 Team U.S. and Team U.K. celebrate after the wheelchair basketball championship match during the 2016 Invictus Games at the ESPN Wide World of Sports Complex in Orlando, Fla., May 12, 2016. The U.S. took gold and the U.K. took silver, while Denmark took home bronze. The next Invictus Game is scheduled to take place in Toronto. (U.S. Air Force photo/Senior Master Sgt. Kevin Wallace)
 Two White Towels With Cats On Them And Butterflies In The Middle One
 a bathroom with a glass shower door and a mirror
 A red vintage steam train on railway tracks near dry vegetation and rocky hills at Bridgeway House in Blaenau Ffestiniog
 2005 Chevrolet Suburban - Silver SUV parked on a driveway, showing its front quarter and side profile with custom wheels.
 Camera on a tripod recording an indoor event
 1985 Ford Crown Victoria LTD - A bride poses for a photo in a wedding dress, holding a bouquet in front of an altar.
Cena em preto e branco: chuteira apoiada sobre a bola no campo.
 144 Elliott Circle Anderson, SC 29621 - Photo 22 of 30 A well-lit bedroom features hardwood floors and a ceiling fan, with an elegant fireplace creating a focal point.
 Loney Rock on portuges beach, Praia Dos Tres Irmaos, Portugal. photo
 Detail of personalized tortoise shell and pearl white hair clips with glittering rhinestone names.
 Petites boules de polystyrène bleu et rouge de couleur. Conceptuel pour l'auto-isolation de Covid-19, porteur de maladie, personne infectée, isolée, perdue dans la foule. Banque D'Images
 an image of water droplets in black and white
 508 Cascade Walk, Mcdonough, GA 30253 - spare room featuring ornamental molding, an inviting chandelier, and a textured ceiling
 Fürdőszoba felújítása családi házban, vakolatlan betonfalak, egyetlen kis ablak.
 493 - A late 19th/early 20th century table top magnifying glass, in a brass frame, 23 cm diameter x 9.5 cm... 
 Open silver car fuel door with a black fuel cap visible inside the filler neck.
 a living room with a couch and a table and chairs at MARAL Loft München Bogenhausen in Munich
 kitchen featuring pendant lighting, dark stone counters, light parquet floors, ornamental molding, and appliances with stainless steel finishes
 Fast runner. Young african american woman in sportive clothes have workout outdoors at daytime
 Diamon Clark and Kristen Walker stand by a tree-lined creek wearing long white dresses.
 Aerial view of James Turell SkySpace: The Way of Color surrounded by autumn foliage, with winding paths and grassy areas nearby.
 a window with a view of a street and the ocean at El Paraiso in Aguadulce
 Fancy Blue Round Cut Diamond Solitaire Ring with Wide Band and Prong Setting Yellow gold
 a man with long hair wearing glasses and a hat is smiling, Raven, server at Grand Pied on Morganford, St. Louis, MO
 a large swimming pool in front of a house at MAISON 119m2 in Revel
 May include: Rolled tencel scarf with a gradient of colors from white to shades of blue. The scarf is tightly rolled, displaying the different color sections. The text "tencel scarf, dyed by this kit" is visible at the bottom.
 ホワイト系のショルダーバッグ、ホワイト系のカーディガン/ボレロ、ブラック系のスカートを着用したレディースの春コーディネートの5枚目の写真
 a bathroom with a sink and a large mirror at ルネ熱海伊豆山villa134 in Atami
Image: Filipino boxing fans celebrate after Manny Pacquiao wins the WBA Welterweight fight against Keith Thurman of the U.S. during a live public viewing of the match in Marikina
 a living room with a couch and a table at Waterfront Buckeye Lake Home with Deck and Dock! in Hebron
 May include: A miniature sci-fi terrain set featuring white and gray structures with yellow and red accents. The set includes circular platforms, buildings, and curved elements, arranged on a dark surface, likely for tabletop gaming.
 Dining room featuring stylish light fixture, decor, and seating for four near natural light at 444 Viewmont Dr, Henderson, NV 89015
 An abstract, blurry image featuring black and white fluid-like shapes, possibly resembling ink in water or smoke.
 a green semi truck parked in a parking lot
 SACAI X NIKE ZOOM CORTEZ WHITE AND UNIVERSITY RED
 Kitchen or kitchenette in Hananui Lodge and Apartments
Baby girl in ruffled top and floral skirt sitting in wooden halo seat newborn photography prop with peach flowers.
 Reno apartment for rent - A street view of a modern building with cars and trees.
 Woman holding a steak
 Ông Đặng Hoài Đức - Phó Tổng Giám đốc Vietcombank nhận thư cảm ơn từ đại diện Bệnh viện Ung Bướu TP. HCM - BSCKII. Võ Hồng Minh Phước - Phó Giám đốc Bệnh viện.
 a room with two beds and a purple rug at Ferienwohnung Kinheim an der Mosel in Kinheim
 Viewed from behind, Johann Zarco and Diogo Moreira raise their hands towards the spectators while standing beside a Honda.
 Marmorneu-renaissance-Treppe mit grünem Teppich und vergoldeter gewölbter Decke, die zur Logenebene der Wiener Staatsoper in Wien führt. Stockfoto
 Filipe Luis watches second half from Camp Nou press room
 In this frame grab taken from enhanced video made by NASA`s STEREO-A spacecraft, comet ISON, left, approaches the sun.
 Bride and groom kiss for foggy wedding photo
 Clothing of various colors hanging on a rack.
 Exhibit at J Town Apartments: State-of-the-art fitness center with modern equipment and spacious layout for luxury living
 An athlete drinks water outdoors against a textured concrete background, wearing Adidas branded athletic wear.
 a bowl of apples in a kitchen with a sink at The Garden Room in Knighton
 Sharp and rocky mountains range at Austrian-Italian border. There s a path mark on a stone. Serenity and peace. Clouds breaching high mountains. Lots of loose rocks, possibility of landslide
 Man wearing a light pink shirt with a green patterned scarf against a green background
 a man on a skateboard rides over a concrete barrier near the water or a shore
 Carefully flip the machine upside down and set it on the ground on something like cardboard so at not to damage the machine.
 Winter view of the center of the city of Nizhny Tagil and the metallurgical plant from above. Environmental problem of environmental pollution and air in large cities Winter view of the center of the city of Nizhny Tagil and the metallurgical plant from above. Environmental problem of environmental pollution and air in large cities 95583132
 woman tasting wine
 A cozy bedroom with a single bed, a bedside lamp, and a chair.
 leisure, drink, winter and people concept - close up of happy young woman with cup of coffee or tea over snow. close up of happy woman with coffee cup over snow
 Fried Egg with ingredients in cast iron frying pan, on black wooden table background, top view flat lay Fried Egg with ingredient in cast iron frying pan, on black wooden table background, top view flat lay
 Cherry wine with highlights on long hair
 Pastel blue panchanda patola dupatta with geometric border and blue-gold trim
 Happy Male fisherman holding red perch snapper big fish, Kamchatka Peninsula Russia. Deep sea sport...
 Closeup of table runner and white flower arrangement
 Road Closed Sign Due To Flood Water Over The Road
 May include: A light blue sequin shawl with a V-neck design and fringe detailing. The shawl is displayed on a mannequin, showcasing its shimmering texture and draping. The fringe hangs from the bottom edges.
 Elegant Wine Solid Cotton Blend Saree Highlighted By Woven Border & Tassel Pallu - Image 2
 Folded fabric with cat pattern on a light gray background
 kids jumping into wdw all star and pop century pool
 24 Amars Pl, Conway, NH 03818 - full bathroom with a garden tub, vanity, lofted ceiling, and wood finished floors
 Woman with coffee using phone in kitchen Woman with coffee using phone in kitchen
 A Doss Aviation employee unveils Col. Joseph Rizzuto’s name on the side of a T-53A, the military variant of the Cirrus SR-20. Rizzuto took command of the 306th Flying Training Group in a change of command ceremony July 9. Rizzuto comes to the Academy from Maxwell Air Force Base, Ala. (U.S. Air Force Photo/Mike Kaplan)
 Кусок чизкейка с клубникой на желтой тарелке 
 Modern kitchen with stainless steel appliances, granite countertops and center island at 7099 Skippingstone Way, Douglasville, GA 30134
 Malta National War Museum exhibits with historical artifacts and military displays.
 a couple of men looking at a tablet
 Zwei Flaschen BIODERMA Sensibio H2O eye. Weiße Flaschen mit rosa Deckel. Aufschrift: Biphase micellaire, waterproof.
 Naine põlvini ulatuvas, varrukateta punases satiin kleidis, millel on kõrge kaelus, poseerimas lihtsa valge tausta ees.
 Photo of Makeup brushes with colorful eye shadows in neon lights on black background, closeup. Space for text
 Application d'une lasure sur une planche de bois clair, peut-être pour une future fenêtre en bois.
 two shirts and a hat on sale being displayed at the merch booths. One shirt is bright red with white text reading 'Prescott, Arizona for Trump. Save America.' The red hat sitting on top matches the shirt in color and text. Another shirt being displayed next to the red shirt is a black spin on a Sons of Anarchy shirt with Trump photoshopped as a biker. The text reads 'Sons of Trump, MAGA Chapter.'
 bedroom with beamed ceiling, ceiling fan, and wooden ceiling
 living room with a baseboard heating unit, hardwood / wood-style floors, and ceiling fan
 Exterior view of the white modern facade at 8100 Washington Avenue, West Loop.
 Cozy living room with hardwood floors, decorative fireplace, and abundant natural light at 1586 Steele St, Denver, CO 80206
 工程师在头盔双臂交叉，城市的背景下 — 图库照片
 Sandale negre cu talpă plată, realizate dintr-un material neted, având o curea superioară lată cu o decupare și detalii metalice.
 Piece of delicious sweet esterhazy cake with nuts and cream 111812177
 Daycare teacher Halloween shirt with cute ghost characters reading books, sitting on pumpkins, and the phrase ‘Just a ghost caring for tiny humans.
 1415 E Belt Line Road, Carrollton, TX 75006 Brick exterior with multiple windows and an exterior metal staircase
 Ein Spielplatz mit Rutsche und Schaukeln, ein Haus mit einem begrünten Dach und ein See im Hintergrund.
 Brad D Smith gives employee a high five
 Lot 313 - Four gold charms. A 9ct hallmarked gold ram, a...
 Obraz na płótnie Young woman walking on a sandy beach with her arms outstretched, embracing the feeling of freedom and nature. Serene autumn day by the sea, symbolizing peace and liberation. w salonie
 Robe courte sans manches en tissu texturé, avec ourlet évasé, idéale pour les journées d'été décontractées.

**Description of the task**. All lines from the one that holds "Exterior view of" to the end of the entries above must be transcribed exactly, both ends included, and no others.

**Answer section**.
 Exterior view of the white modern facade at 8100 Washington Avenue, West Loop.
 Cozy living room with hardwood floors, decorative fireplace, and abundant natural light at 1586 Steele St, Denver, CO 80206
 工程师在头盔双臂交叉，城市的背景下 — 图库照片
 Sandale negre cu talpă plată, realizate dintr-un material neted, având o curea superioară lată cu o decupare și detalii metalice.
 Piece of delicious sweet esterhazy cake with nuts and cream 111812177
 Daycare teacher Halloween shirt with cute ghost characters reading books, sitting on pumpkins, and the phrase ‘Just a ghost caring for tiny humans.
 1415 E Belt Line Road, Carrollton, TX 75006 Brick exterior with multiple windows and an exterior metal staircase
 Ein Spielplatz mit Rutsche und Schaukeln, ein Haus mit einem begrünten Dach und ein See im Hintergrund.
 Brad D Smith gives employee a high five
 Lot 313 - Four gold charms. A 9ct hallmarked gold ram, a...
 Obraz na płótnie Young woman walking on a sandy beach with her arms outstretched, embracing the feeling of freedom and nature. Serene autumn day by the sea, symbolizing peace and liberation. w salonie
 Robe courte sans manches en tissu texturé, avec ourlet évasé, idéale pour les journées d'été décontractées.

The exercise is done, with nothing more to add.